The Day I Died  - Part II © 2010 Dakini Verona

I have no idea how long this went on – my fall from reality. It could have been a few nano seconds or a few days. Peaking on acid was sometimes like that. I finally saw a glimpse of reality: a cock roach skittered across the ceiling above where I was lying flat on my back. I found myself suddenly jerked back to reality. I looked around and tried to assess where I was. It was a bedroom, littered with street people. Some of them were sleeping, some talking, and some sitting in their own little worlds, like I had been- just a few moments earlier. This was a “crash pad”. 

Crash pads were places where street people could “crash” for a night or two. No rent was collected and most of the time favors were not even asked. Most crash pads were safe, as long as there were enough people to watch out for each other. At least it got us off the streets and out of the snow. This particular crash pad was like most of the others that existed. It was down in the depths of the bowery, in the dirtiest part of New York’s Lower East Side. It was a five story walk up, meaning you had to climb five flights of stairs to get to the place. Each floor had two apartments and on the landing there was one toilet to be shared. You can imagine that that was like. Filth and grime on every inch and stench to match. Cockroaches shared all living spaces in those dumps. Inside the apartment was a small kitchen, a bedroom and a front room. The floors were wall to wall people, except for the kitchen. The kitchen was bare. The sink had a long white porcelain slab that served as a counter, but actually covered the bathtub. I had never experienced anything like that in my life… but now I was in an honest to God tenement.
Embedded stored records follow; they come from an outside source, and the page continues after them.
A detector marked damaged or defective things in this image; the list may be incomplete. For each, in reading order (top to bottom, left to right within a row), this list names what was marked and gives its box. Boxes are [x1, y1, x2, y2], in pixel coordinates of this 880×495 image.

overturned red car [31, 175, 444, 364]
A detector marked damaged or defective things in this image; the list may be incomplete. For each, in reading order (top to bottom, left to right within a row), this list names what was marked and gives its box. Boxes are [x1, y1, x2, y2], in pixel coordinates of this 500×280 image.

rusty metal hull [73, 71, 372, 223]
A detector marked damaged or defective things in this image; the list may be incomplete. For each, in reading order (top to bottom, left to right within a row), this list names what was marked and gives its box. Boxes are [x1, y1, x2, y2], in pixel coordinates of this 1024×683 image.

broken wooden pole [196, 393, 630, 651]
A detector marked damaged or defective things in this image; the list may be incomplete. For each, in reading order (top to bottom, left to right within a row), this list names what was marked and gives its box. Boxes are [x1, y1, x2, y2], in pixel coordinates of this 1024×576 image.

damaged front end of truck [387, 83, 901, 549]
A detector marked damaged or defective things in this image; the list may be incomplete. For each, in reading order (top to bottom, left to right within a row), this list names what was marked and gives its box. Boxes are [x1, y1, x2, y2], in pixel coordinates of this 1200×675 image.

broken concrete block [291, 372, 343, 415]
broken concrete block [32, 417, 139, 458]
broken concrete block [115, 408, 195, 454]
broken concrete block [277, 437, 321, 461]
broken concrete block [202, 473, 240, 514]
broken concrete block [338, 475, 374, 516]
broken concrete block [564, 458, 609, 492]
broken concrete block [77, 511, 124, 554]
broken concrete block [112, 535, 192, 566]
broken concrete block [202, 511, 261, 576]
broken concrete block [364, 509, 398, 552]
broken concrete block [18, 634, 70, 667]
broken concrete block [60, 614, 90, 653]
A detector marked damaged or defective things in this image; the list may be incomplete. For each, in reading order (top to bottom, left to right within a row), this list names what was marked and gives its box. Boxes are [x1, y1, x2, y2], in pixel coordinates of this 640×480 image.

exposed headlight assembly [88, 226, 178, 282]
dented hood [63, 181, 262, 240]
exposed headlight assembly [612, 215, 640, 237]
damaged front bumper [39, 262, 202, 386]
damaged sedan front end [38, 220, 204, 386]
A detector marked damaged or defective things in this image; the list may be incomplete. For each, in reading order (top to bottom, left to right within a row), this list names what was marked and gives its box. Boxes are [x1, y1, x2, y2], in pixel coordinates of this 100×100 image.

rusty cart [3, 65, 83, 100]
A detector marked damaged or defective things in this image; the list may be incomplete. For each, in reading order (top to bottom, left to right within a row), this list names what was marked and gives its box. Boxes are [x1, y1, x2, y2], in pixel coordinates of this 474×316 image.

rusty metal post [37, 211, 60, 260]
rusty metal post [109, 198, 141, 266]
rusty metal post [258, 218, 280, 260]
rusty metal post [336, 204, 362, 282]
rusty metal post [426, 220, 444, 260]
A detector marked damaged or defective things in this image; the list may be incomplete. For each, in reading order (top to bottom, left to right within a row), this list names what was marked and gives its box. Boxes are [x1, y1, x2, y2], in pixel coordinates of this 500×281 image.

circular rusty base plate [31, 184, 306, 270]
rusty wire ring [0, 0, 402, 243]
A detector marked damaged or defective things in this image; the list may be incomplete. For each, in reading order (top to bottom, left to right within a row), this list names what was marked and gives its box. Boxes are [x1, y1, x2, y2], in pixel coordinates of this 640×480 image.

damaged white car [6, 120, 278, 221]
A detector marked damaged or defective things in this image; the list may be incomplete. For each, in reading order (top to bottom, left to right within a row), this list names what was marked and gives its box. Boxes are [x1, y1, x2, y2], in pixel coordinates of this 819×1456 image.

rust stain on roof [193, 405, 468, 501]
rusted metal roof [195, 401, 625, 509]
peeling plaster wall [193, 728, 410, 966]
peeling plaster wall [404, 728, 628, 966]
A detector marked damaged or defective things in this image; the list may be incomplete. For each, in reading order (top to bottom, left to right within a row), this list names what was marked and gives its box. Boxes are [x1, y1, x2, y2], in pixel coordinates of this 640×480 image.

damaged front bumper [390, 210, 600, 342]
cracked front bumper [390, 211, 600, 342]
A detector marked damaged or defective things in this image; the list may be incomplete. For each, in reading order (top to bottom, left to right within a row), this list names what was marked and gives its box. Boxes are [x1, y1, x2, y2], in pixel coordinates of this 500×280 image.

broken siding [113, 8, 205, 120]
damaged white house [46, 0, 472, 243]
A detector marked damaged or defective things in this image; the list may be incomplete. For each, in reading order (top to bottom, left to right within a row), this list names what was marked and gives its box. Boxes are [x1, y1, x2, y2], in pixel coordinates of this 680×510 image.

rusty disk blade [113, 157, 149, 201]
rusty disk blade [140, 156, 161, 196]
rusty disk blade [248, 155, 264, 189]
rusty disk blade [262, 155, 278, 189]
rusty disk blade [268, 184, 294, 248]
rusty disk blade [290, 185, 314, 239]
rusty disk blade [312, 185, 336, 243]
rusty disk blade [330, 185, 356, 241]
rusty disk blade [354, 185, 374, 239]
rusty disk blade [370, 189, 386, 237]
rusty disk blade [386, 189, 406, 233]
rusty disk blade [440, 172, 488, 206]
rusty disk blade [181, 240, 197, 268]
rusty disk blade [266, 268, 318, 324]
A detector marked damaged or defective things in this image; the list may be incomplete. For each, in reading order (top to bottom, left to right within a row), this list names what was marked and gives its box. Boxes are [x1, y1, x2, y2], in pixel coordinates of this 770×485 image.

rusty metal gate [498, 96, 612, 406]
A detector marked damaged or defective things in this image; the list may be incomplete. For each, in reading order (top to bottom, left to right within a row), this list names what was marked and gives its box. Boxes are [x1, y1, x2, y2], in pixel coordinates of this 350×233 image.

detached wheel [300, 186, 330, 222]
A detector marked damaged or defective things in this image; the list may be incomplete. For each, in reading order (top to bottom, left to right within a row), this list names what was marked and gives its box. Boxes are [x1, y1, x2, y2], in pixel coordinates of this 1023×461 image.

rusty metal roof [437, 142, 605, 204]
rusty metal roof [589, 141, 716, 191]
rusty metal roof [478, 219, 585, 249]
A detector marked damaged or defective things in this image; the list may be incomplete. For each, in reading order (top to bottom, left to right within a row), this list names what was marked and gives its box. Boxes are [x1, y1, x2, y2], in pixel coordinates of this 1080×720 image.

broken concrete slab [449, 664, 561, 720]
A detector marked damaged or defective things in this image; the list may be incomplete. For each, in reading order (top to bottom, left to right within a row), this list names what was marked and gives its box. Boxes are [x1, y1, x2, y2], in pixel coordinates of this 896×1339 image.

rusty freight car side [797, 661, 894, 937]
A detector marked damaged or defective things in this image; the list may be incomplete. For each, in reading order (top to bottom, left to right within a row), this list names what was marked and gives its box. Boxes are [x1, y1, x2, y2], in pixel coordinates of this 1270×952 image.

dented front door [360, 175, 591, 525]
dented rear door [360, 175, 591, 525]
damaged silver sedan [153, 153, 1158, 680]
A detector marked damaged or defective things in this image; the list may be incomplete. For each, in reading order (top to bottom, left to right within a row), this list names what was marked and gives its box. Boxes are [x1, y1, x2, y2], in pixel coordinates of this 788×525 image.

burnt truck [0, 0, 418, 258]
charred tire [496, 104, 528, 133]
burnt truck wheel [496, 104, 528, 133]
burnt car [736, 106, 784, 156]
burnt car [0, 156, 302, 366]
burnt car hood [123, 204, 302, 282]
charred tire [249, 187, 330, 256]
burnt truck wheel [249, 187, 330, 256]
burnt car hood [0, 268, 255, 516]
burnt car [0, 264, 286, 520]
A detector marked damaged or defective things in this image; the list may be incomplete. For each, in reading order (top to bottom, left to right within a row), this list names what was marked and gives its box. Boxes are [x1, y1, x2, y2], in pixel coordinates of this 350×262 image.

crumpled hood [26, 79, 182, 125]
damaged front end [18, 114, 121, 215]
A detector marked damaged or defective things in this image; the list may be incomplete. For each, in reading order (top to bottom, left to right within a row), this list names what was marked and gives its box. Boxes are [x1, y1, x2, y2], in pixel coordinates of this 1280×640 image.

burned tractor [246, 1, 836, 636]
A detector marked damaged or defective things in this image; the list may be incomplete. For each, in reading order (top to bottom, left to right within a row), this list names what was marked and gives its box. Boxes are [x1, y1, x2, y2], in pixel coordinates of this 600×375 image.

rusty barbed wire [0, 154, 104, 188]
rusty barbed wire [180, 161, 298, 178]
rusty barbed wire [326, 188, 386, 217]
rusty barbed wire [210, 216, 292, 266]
I could feel another wave of the acid about to hit. I was going to peak again. The thoughts were again turning into colors. I tried to concentrate on the here and now and begin counting out loud. The words became visuals in front of my eyes. Each letter was a different wild color, floating up to the ceiling like helium balloons. But instead of popping, they all melted together. Was I speaking another language? Were the words understood by those around me? I looked into the faces of the other refugees and did not see anyone I recognized. I was alone in a crowded room. Paranoia, which was not a foreign feeling, began to take over. The thoughts were building and I knew I had to act quickly before I once again lost control over my reality, before I was again thrust down that rabbit hole.